From an economist’s perspective, Greta Thunberg is right. Why is it so difficult to understand?
30 April 2021
Piece by Behavioural Environmental Economics Team member Johannes Schroeten.
The COVID-19 crisis has shown that humanity can make painful and impactful decisions to preserve what is at stake. Why is it then so endlessly more difficult to act on the arguably even more threatening climate emergency? (IPCC, 2018). To understand our inability to forcefully tackle the climate emergency as we tackled COVID-19, we should look at someone who has been calling for exactly that kind of response.
Greta Thunberg’s message is clear: The effects of climate change are known, and we have scientific evidence on what needs to be done. The conclusion is pure logic: On the current pathway, which foresees a temperature rise of 4°C (Climate Action Tracker, 2020), climate change will be of such devastating effect that humanity as we know it will end (IPCC, 2018). It is, therefore, only rational to stop anything that is only remotely contributing to climate change: fossil fuel burning, flying, meat consumption. This is the simple and scientific chain of causality that Greta has based her argumentation on.
If we want to understand the absolute coherence of this logic, we have to review an article her mother wrote about the experience raising a daughter with Asperger syndrome and how Greta became the icon of the Friday’s for Future movement (Ernman, 2020).
“In school one day, Greta’s class watches a film about how much rubbish there is in the oceans. […] Greta cries throughout the film. Her classmates are also clearly moved. Before the lesson is over the teacher announces that on Monday there will be a substitute teaching the class, because she’s going to a wedding over the weekend, in Connecticut, right outside of New York. “Wow, lucky you,” the pupils say. Out in the corridor the trash island off the coast of Chile is already forgotten. […] Greta can’t reconcile any of this with any of what she has just seen. She saw what the rest of us did not want to see. It was as if she could see our CO2 emissions with her naked eye. […] She saw all of it – not literally, of course, but nonetheless she saw the greenhouse gases streaming out of our chimneys, wafting upwards with the winds and transforming the atmosphere into a gigantic, invisible garbage dump. She was the child, we were the emperor. And we were all naked.”
The important sentence here is actually not concerning Greta, it refers to her classmates. “Out in the corridor, the trash island off the coast of Chile is already forgotten.” As soon as her peers are confronted with other, contradicting information, their attention moves onto other things. Greta, however, cannot push back what she has just seen. She cannot ignore the contradiction between her peers’ behaviour and their emotional response to garbage in the ocean. She cannot wave the feeling aside and continue to pursue a lifestyle that contributes to that very problem. She is consistent and driven by utter logic in her fight against climate change.

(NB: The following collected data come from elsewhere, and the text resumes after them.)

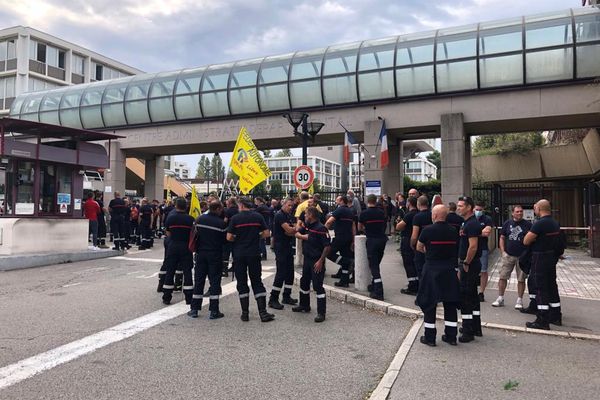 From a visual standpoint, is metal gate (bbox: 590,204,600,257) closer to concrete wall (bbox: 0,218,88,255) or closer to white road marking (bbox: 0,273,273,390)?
white road marking (bbox: 0,273,273,390)

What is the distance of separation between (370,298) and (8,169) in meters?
10.7

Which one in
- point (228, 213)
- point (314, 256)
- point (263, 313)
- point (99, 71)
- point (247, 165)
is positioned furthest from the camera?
point (99, 71)

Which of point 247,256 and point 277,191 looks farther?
point 277,191

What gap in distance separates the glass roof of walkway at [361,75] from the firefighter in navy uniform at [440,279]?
13.4 meters

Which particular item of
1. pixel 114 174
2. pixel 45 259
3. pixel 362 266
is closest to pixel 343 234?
pixel 362 266

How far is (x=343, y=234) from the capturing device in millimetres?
9070

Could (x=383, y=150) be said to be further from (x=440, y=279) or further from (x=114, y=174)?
(x=114, y=174)

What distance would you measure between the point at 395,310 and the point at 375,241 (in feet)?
4.19

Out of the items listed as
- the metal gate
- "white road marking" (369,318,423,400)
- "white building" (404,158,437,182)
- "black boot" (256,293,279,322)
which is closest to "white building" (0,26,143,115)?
"black boot" (256,293,279,322)

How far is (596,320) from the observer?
702 centimetres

Climate change: The economic conundrum
Greta’s peers resemble in almost textbook form a key problem of classic economic theory: Humans are assumed to be rational, making decisions based on their costs and benefits in consistent way, irrespective of erratic emotions (Rittenberg & Tregharten, n.d.). Theoretically, this rational behaviour ensures that economic interactions and ultimately entire markets function efficiently. And it is based on a myth. We do not behave rational. We make consistently inconsistent decisions in our lives, based on our emotions, our (incorrect) guesses about the future, our current desires and in in response to our peer’s behaviour. Greta’s reaction, on the contrary, is the exemplary behaviour of a “homo economicus”. This becomes clear when we recapture the debate on the cost of climate change.
While the effects of climate change were already well-known in the science community, economists only in the 1990s started to think about its costs and it took another 25 years until this work was awarded with a Nobel prize. The winner: William Nordhaus, whose DICE model forecasted a moderate loss in GDP and therefore demanded a tempered response (Nordhaus, 1993). Ultimately, Nordhaus argued that future generations would be just fine in coping with climate change, implying that we, the current generation, needed to worry much less about it.

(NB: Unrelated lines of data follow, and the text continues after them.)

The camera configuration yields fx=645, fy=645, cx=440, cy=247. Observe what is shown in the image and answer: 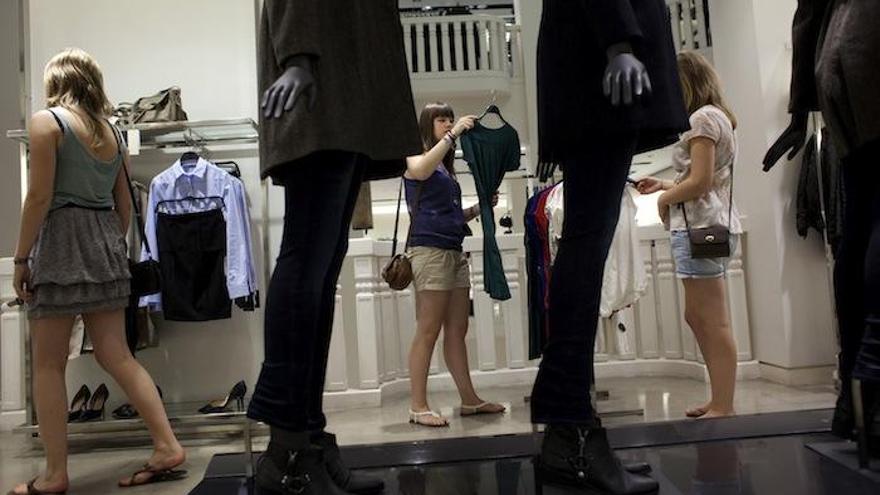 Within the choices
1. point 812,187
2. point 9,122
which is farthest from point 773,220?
point 9,122

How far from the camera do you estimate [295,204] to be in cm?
122

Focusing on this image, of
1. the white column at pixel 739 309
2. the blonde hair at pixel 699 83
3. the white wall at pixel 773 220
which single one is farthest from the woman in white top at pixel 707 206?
the white column at pixel 739 309

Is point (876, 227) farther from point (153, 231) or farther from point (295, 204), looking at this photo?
point (153, 231)

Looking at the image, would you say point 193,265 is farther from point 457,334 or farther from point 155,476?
point 457,334

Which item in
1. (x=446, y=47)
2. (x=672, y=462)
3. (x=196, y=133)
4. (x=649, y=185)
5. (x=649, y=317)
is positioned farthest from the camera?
(x=446, y=47)

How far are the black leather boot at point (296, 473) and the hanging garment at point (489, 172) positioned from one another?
1.84m

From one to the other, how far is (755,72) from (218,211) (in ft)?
9.62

However, his report (2007), Lord Nicholas Stern forecasted that without climate change contained, the world would lose 5% of GDP annually on an indefinite scale. It would basically wipe out any growth in the future. In blunt terms, Stern’s scenario predicted the end of human civilization as we know it.
What may seem like a negligible dispute between two economists in their respective ivory towers had real consequences. Nordhaus and Stern tried no less than to forecast the world we would bequeath to humanity in 50, 100 or 1000 years. And, more significantly for the political decision making of current governments, how much it would cost us versus the costs faced by their distant successors. It may seem trivial, but governments base entire policies on cost-benefit analysis (Hanley & Barbier, 2009). Having a forecast which argues that our descendants in the future will be rich enough to cope with climate change themselves or one that argues that we basically sell out our children, makes a big difference for the global political response to climate change.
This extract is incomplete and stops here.